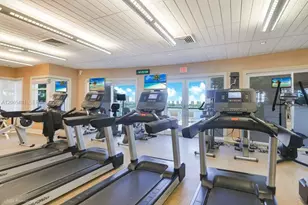 20000 E Country Club Dr, Aventura, FL 33180 - Photo 30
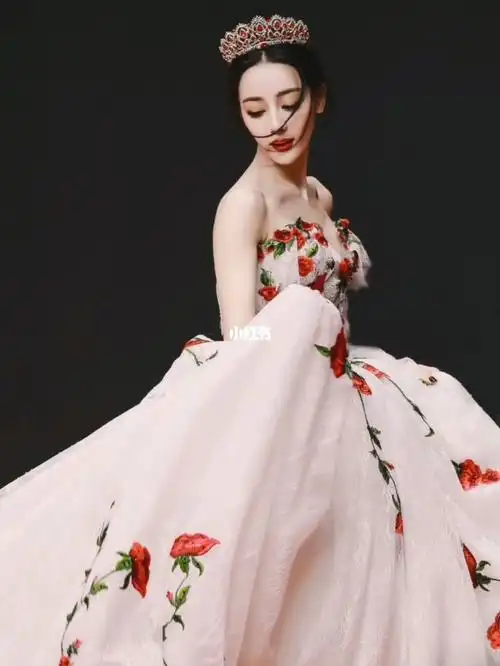 秀场婚纱迪丽热巴之玫瑰庄园出逃的仙子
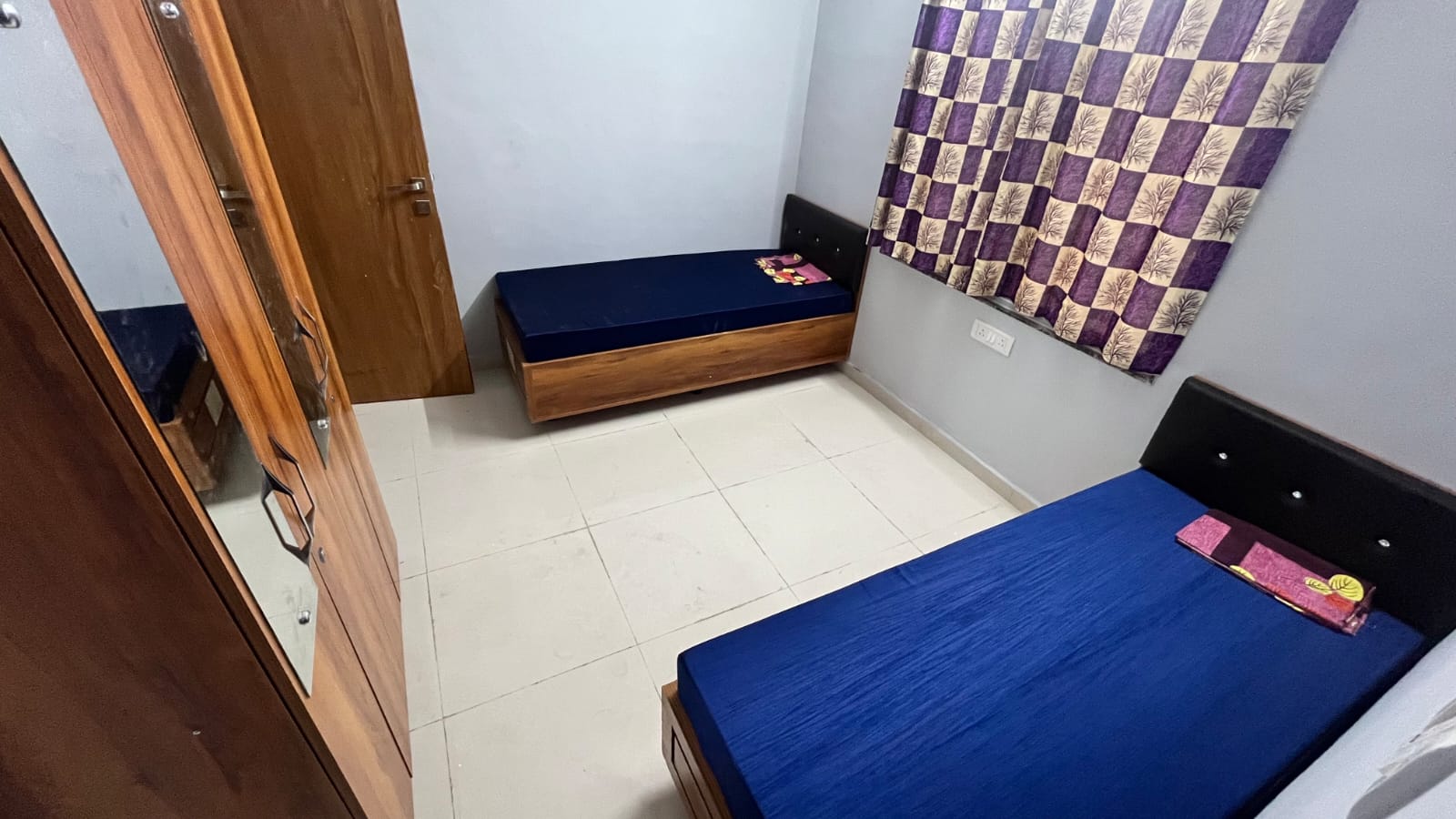 Single sharing Comfort Room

━━━━━━━━━━━━━━━━━━━━━━━━━━━━━━

Reproduce precisely the lines of the listing above, from the line containing "秀场婚纱迪丽热巴之玫瑰庄园出逃的仙子" to the last line, both ends included. Pictures are to be omitted.

Output for this task
 秀场婚纱迪丽热巴之玫瑰庄园出逃的仙子
 Single sharing Comfort Room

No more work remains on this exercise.